Start of SUPPLIED INFORMATION

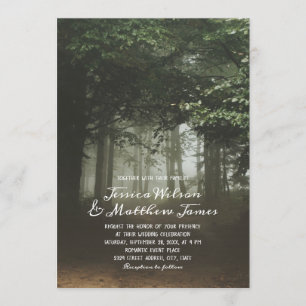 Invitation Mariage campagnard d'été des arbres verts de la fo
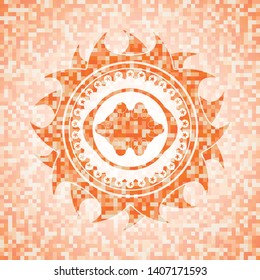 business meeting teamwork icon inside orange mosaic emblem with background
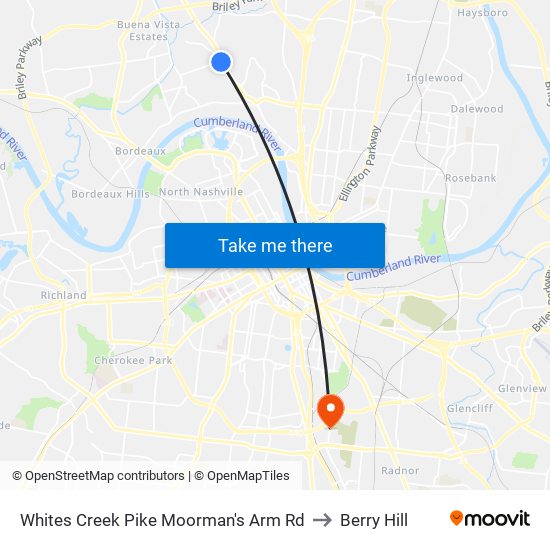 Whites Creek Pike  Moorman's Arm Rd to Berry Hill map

End of SUPPLIED INFORMATION
Start of SUPPLIED INFORMATION

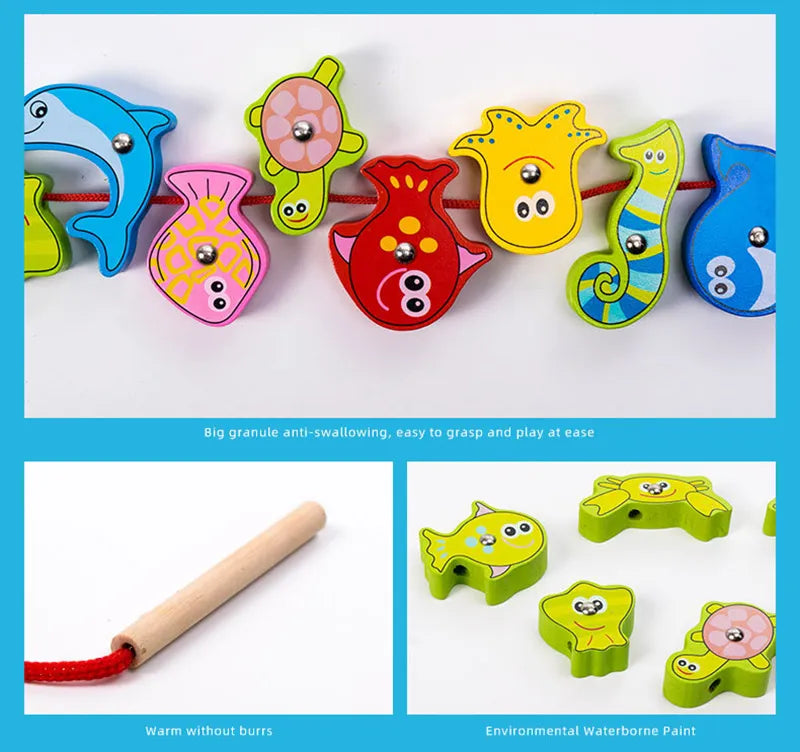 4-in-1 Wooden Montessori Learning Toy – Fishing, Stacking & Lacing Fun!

End of SUPPLIED INFORMATION

From the listing above, restate verbatim the lines running from the one with "Invitation Mariage campagnard" through the one with "Whites Creek Pike", inclusive, but not the pictures.

 Invitation Mariage campagnard d'été des arbres verts de la fo
 business meeting teamwork icon inside orange mosaic emblem with background
 Whites Creek Pike  Moorman's Arm Rd to Berry Hill map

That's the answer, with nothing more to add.